Dataset section below:

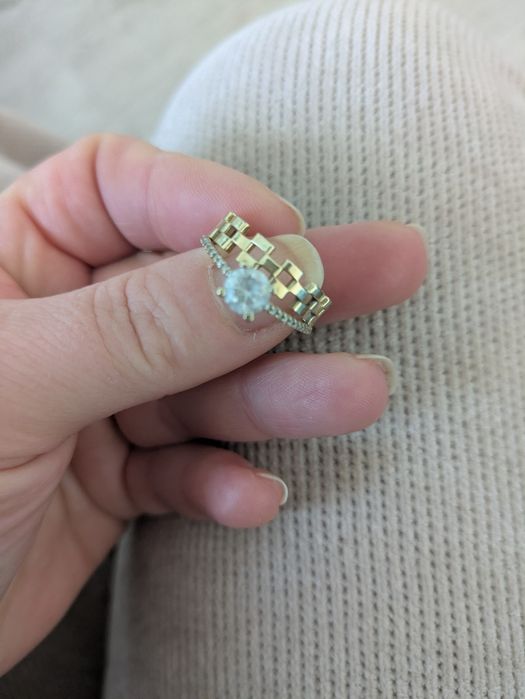 Inel din aur, model nou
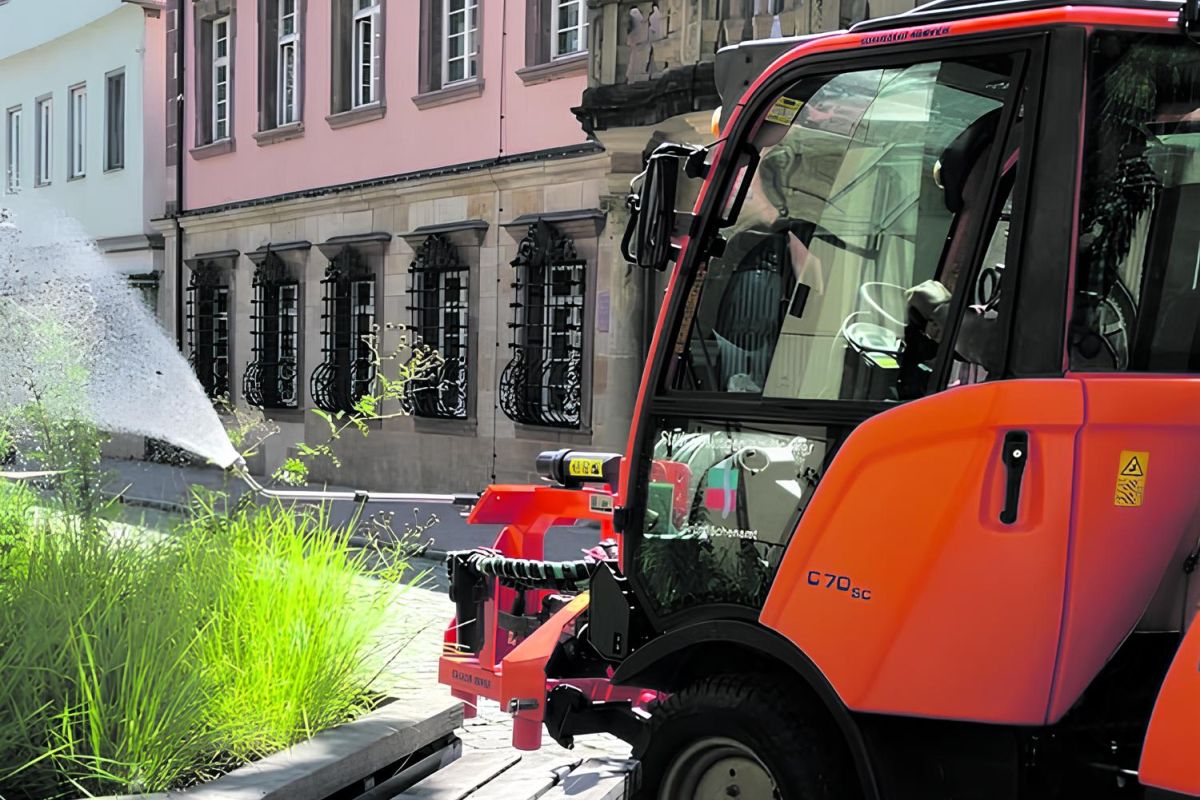 Gießfahrzeug im Einsatz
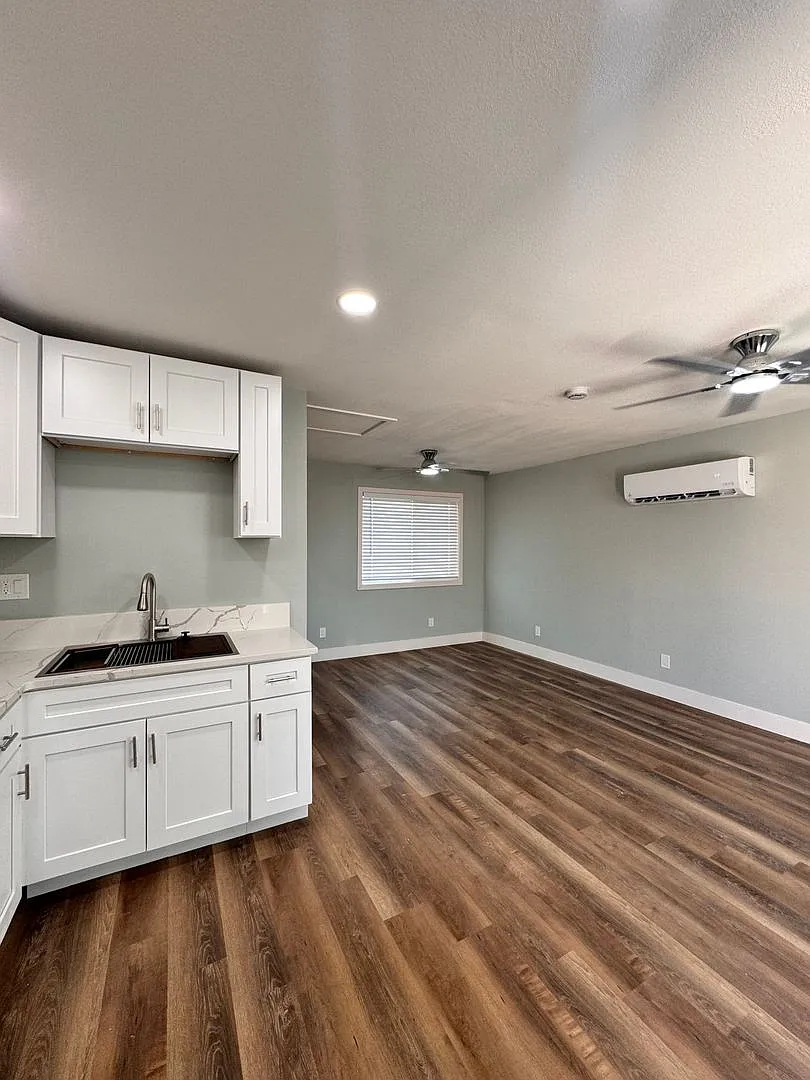 Brand New All Electric Studio ADU Water Included! $1150 Deposit/Rent — Photo 3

End of Dataset section.

What to work on - Return the listing unchanged except for the pictures, which should be dropped.

Result for this task -
 Inel din aur, model nou
 Gießfahrzeug im Einsatz
 Brand New All Electric Studio ADU Water Included! $1150 Deposit/Rent — Photo 3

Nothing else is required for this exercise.